Lastly it is worth noting that I am considering the standard norm of $c_0$. That is to say $$||(x_1, x_2, x_3, \cdots)|| = \sup \{ |x_n| : n \in \mathbb{N} \}.$$
Best Answer
Let me complement QuantumSpace's answer by showing that $\|T\| = 1$ but $T$ does not attain its norm.

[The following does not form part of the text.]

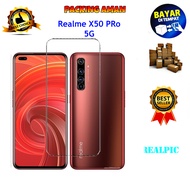 PROMO (BISA COD) Tempered Glass Screen Protector Anti Gores for Realme X50 Pro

We shall first show that $\|T\| = 1$. The inequality $\|T\| \leq 1$ has already been shown, so I will show the other inequality. For this define, for $n \in \mathbb{N}$, $f_n(t) = n \chi_{[1-\frac{1}{n},1]}$. That is $f_n(t) = n$ for $t \in [1-\frac{1}{n},1]$ and $f_n(t) = 0$ otherwise. It follows that $$\|f_n\|_1 = \int_0^1 |f_n(t)| dt = \int_{1-\frac{1}{n}}^1 n dt = n \frac{1}{n} = 1.$$ Further, $$\|Tf_n\| \geq \int_0^1 |f_n(t)t| dt = n \int_{1-\frac{1}{n}}^1 t dt \geq n \int_{1-\frac{1}{n}}^1 (1-\frac{1}{n}) dt = n \frac{1}{n}(1-\frac{1}{n}) = 1- \frac{1}{n}.$$ It follows that $\|T\| \geq 1-\frac{1}{n}$. As $n \in \mathbb{N}$ was arbitrary, $\|T\| \geq 1$ and we are done.
Now we will show that $T$ does not attain its norm. We have the following inequalities for any $f \in L_1$: $$\|Tf\| \le \sup_n \int_0^1 |f(t)t^n|dt \le \int_0^1 |f(t) t|dt \overset{(*)}{\le} \int_0^1 |f(t)|dt = \|f\|_1.$$
Note that $(*)$ becomes an equality if and only if $f = 0$ a.e. Otherwise we would have $|f|>0$ on a set $M$ of positive measure and thus $|f(t)t| < |f(t)|$ on $M$ which would give us the sharp inequality in $(*)$. It follows that $T$ does not attain its norm.